■ **Aim of the exercise**
The exercise asks for every line of the data to be reproduced exactly.

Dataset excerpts

*** Begin section ***

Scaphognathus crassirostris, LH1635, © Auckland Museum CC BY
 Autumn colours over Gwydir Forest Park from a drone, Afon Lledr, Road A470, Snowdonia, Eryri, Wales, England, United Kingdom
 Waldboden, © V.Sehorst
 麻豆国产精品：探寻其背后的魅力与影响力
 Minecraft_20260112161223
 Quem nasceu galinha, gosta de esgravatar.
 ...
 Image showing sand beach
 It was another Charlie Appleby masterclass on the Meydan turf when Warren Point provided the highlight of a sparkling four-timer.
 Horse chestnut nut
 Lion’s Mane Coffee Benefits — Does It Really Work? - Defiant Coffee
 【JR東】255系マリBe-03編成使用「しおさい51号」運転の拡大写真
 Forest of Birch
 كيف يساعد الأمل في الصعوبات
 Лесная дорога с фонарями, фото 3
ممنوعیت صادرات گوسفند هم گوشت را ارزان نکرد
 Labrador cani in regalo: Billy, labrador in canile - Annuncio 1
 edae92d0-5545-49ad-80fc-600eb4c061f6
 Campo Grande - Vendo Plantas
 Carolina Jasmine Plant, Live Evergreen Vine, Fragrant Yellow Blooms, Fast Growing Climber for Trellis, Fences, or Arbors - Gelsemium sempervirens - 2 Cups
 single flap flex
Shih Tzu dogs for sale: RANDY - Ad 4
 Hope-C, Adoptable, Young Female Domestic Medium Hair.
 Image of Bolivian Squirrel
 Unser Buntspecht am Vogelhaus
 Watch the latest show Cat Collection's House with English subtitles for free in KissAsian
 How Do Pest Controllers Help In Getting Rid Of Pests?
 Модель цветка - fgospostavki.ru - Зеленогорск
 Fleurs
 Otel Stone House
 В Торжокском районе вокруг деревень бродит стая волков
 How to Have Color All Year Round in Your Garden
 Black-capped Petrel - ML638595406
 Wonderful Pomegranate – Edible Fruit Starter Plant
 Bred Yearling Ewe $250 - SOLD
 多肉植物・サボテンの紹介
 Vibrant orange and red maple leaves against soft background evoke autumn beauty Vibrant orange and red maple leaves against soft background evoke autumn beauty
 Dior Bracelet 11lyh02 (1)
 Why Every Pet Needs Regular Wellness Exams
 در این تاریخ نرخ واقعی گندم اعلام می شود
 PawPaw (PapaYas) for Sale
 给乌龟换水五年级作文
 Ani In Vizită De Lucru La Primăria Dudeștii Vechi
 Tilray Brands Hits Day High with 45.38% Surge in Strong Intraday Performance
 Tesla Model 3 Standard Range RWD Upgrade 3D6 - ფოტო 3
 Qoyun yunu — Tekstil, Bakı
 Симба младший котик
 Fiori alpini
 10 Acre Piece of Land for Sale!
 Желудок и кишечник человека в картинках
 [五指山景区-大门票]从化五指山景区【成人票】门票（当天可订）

*** End section ***

■ **Expected output**
Scaphognathus crassirostris, LH1635, © Auckland Museum CC BY
 Autumn colours over Gwydir Forest Park from a drone, Afon Lledr, Road A470, Snowdonia, Eryri, Wales, England, United Kingdom
 Waldboden, © V.Sehorst
 麻豆国产精品：探寻其背后的魅力与影响力
 Minecraft_20260112161223
 Quem nasceu galinha, gosta de esgravatar.
 ...
 Image showing sand beach
 It was another Charlie Appleby masterclass on the Meydan turf when Warren Point provided the highlight of a sparkling four-timer.
 Horse chestnut nut
 Lion’s Mane Coffee Benefits — Does It Really Work? - Defiant Coffee
 【JR東】255系マリBe-03編成使用「しおさい51号」運転の拡大写真
 Forest of Birch
 كيف يساعد الأمل في الصعوبات
 Лесная дорога с фонарями, фото 3
ممنوعیت صادرات گوسفند هم گوشت را ارزان نکرد
 Labrador cani in regalo: Billy, labrador in canile - Annuncio 1
 edae92d0-5545-49ad-80fc-600eb4c061f6
 Campo Grande - Vendo Plantas
 Carolina Jasmine Plant, Live Evergreen Vine, Fragrant Yellow Blooms, Fast Growing Climber for Trellis, Fences, or Arbors - Gelsemium sempervirens - 2 Cups
 single flap flex
Shih Tzu dogs for sale: RANDY - Ad 4
 Hope-C, Adoptable, Young Female Domestic Medium Hair.
 Image of Bolivian Squirrel
 Unser Buntspecht am Vogelhaus
 Watch the latest show Cat Collection's House with English subtitles for free in KissAsian
 How Do Pest Controllers Help In Getting Rid Of Pests?
 Модель цветка - fgospostavki.ru - Зеленогорск
 Fleurs
 Otel Stone House
 В Торжокском районе вокруг деревень бродит стая волков
 How to Have Color All Year Round in Your Garden
 Black-capped Petrel - ML638595406
 Wonderful Pomegranate – Edible Fruit Starter Plant
 Bred Yearling Ewe $250 - SOLD
 多肉植物・サボテンの紹介
 Vibrant orange and red maple leaves against soft background evoke autumn beauty Vibrant orange and red maple leaves against soft background evoke autumn beauty
 Dior Bracelet 11lyh02 (1)
 Why Every Pet Needs Regular Wellness Exams
 در این تاریخ نرخ واقعی گندم اعلام می شود
 PawPaw (PapaYas) for Sale
 给乌龟换水五年级作文
 Ani In Vizită De Lucru La Primăria Dudeștii Vechi
 Tilray Brands Hits Day High with 45.38% Surge in Strong Intraday Performance
 Tesla Model 3 Standard Range RWD Upgrade 3D6 - ფოტო 3
 Qoyun yunu — Tekstil, Bakı
 Симба младший котик
 Fiori alpini
 10 Acre Piece of Land for Sale!
 Желудок и кишечник человека в картинках
 [五指山景区-大门票]从化五指山景区【成人票】门票（当天可订）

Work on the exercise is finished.